In a bold move poised to trigger the deep state and disrupt the pharmaceutical establishment, Secretary of Health and Human Services Robert F. Kennedy Jr. is considering a major policy shift: removing the COVID-19 vaccine from the Centers for Disease Control and Prevention’s (CDC) recommended childhood immunization schedule.
The long-anticipated move could impact pediatric practices, insurance coverage, and school vaccine mandates, while also protecting American children from an ever-growing list of adverse events associated with an experimental shot that never should have been approved in the first place.
“Why are we giving this to tens of millions of kids when the vaccine itself does have profound risks? We’ve seen huge associations of myocarditis and pericarditis with strokes, with other injuries, with neurological injuries,” Kennedy told Jesse Waters during a Fox News interview. “We need to give people informed consent, and we shouldn’t be making recommendations that are not good for the population.”
Kennedy, a long-time advocate for vaccine safety and medical transparency, says there is insufficient scientific evidence to justify vaccinating healthy children, particularly when children face an almost nonexistent risk of severe COVID-19. His effort reflects a broader push to restore trust in public health institutions and to end what he calls the “capture” of federal health agencies by pharmaceutical interests. It also echoes the goals of his “Make America Healthy Again” movement, which aims to realign public health policy with evidence-based science rather than corporate profits.
While uptake of the COVID-19 vaccine among children remains historically low, public health officials who promoted the shots continue to sound alarms about any moves to reconsider their recommendations. However, Kennedy and a growing segment of the American public recognize the real crisis: collapsing public trust in health authorities that rushed to authorize vaccines for young children based on flimsy evidence and incomplete safety data.
Despite assurances during his confirmation hearings that he would not alter the CDC’s vaccine schedule, Kennedy has signaled his intent to challenge the status quo after revealing that he has deep concerns over industry influence on vaccine advisory panels, such as the CDC’s Advisory Committee on Immunization Practices and the U.S. Food and Drug Administration’s (FDA) Vaccines and Related Biological Products Advisory Committee (VRBPAC).
The FDA unanimously voted 21-0 in June 2022 to recommend Pfizer and Moderna’s shots for infants and young children, stating that the totality of the evidence available showed the benefits of the vaccines outweighed the risks of use. Pfizer’s three-dose vaccine covers children 6 months to 5 years old, while Moderna’s two-dose vaccine covers children 6 months to 6 years old.
However, states had already ordered millions of doses that were made available prior to FDA authorization by the Biden administration. At the time, VRBPAC committee members ignored pleas from experts, the vaccine-injured, and a congressman representing 17 other lawmakers to halt authorization until questions about the safety and efficacy of COVID-19 vaccines for the nation’s youngest children could be properly addressed.

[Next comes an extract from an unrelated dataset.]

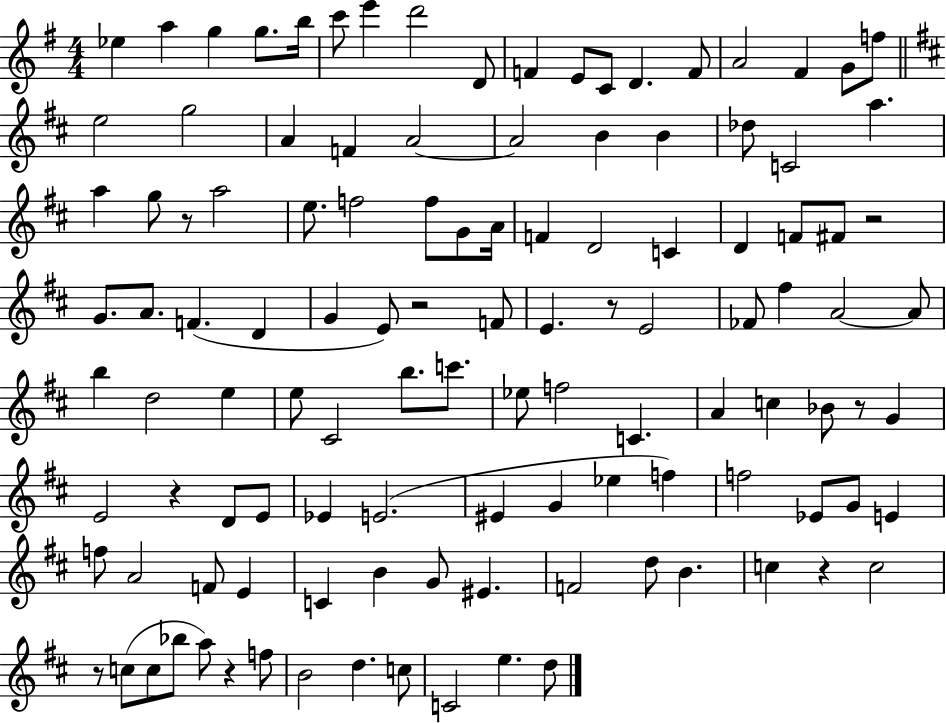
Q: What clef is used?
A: treble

In approving the shot for kids, VRBPAC relied primarily on studies with small sample sizes, short follow-up periods, and questionable endpoints—including “immunobridging,” a controversial method that infers effectiveness based on antibody levels rather than direct evidence that the vaccine prevents disease.

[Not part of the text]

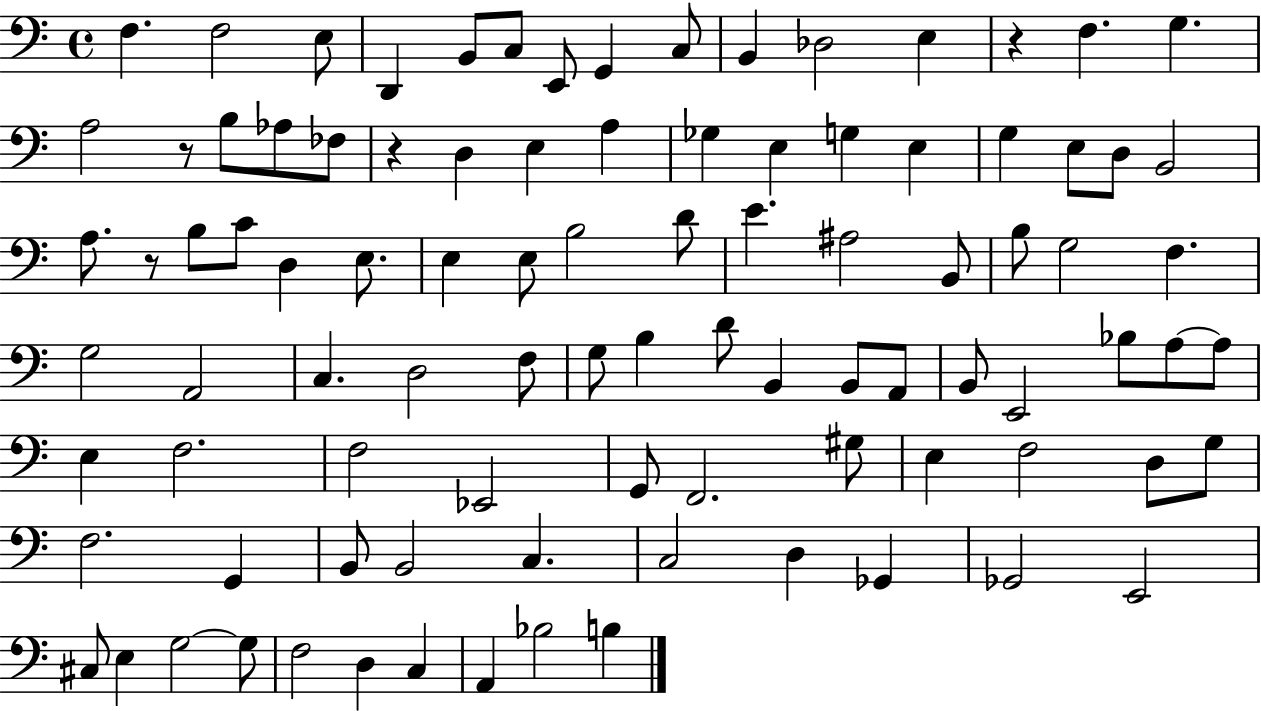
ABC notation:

The clinical trial data submitted by Pfizer and Moderna reveal significant design flaws, including the shockingly low number of trial participants who actually contracted COVID-19, making it impossible to demonstrate meaningful protection. In fact, Moderna’s own trial showed more COVID-19 cases in the vaccinated group than in the placebo group among infants under six months of age.
Serious adverse events, including fever, irritability, vomiting, diarrhea, and myocarditis, were largely dismissed as insignificant. Rather than addressing these concerns, regulators moved forward aggressively. The FDA granted Emergency Use Authorization to both shots for babies as young as six months old. Days later, the CDC endorsed the vaccines, assuring the public they were “safe and effective”—despite clear evidence to the contrary.
Despite the Biden administration’s relentless promotion, uptake of COVID-19 vaccines in young children has remained abysmally low. Parents, it seems, have been far more cautious than government agencies.
If Kennedy proceeds with removing the COVID-19 vaccines from the childhood schedule, it would mark a significant victory for medical freedom advocates—and a severe blow to the pharmaceutical industry, which has seen the shots become a cash cow even as public trust in them plummets.
The decision would also expose the troubling conflicts of interest that have long plagued the nation’s vaccine approval process—conflicts Kennedy has spent decades trying to reform.
As America reconsiders the fallout of its pandemic policies, one thing is clear: Under Kennedy’s leadership, business as usual at HHS is over. And for millions of parents across the country, that change cannot come soon enough.